Set down every record below exactly as it stands, leaving out the pictures.

[Image-caption web data]
——————

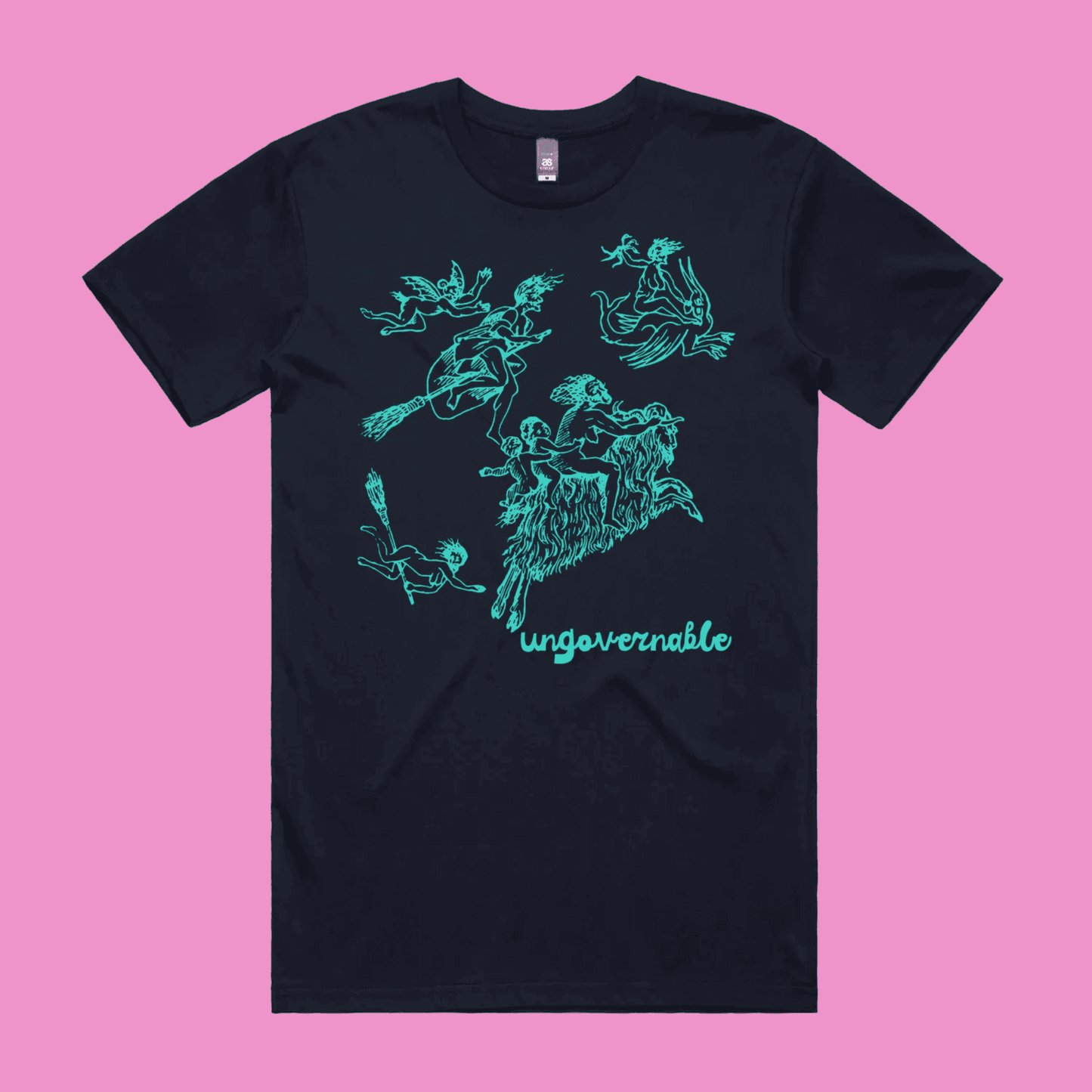 ungovernable | feminist graphic tee - staple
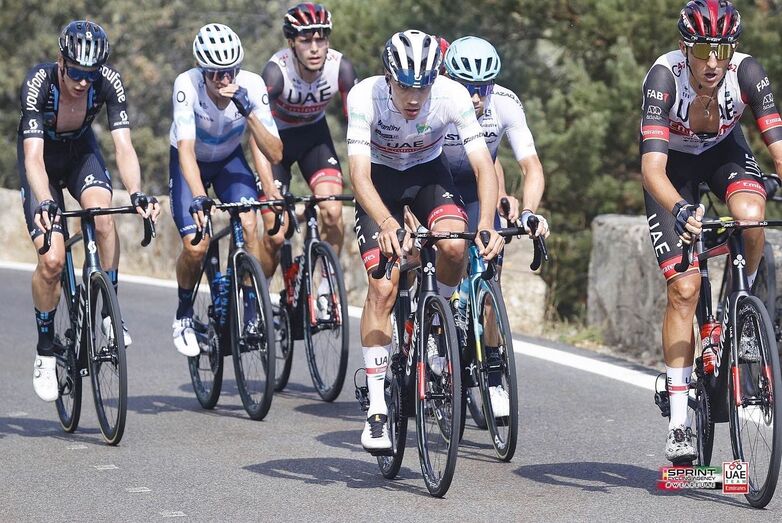 Juan Ayuso queda tercero en la Vuelta a España Juan Ayuso queda tercero en la Vuelta a España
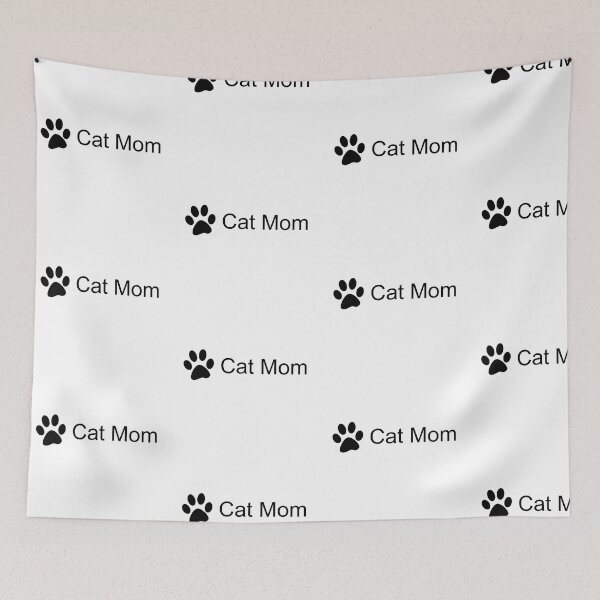 Item preview, Cat Mom Black Paw designed and sold by ValeriesGallery.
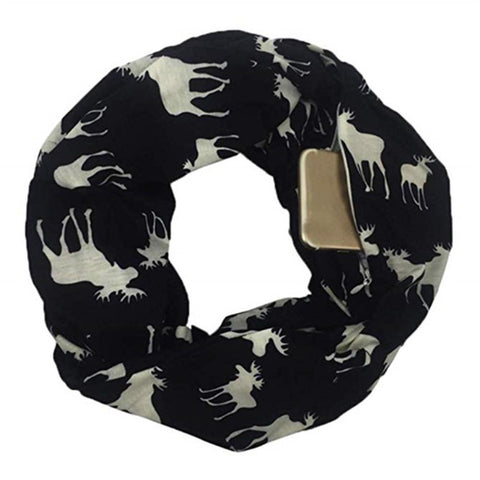 Image of Scarf To Go - Pocket Infinity Scarf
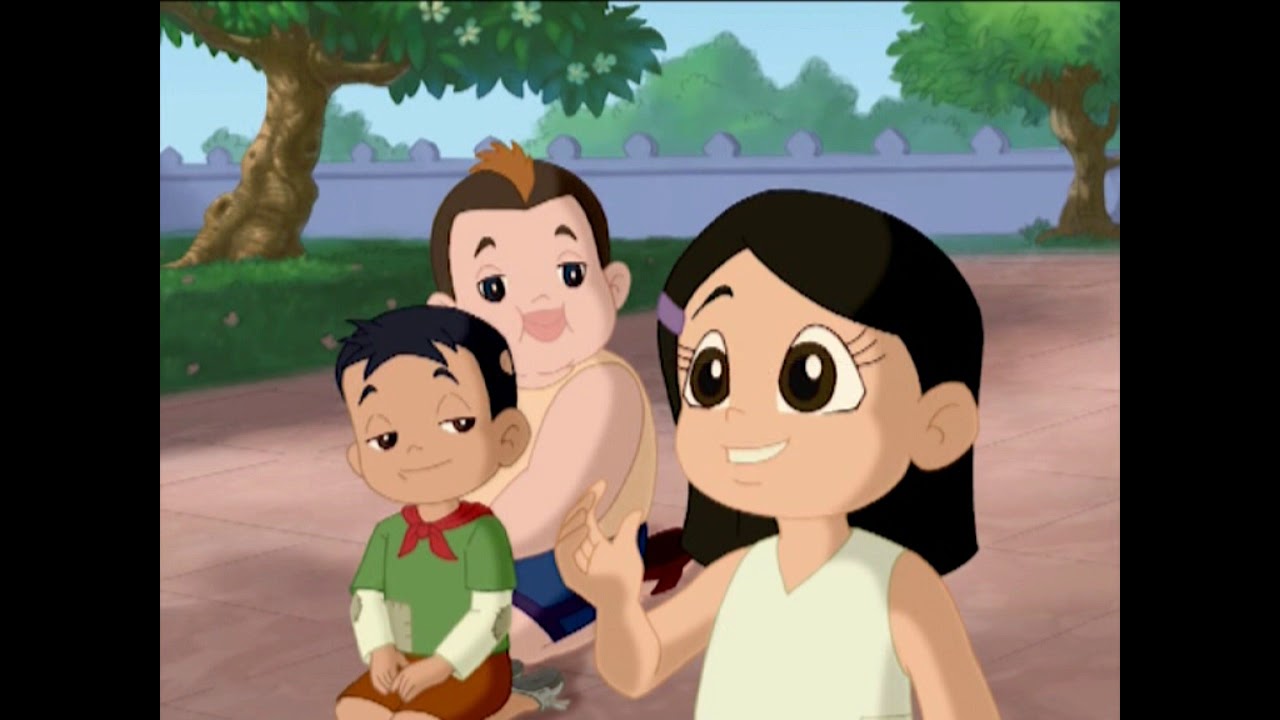 FILM KARTUN ANAK_BUAH KARMA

——————

* EXERCISE RESPONSE *
 ungovernable | feminist graphic tee - staple
 Juan Ayuso queda tercero en la Vuelta a España Juan Ayuso queda tercero en la Vuelta a España
 Item preview, Cat Mom Black Paw designed and sold by ValeriesGallery.
 Image of Scarf To Go - Pocket Infinity Scarf
 FILM KARTUN ANAK_BUAH KARMA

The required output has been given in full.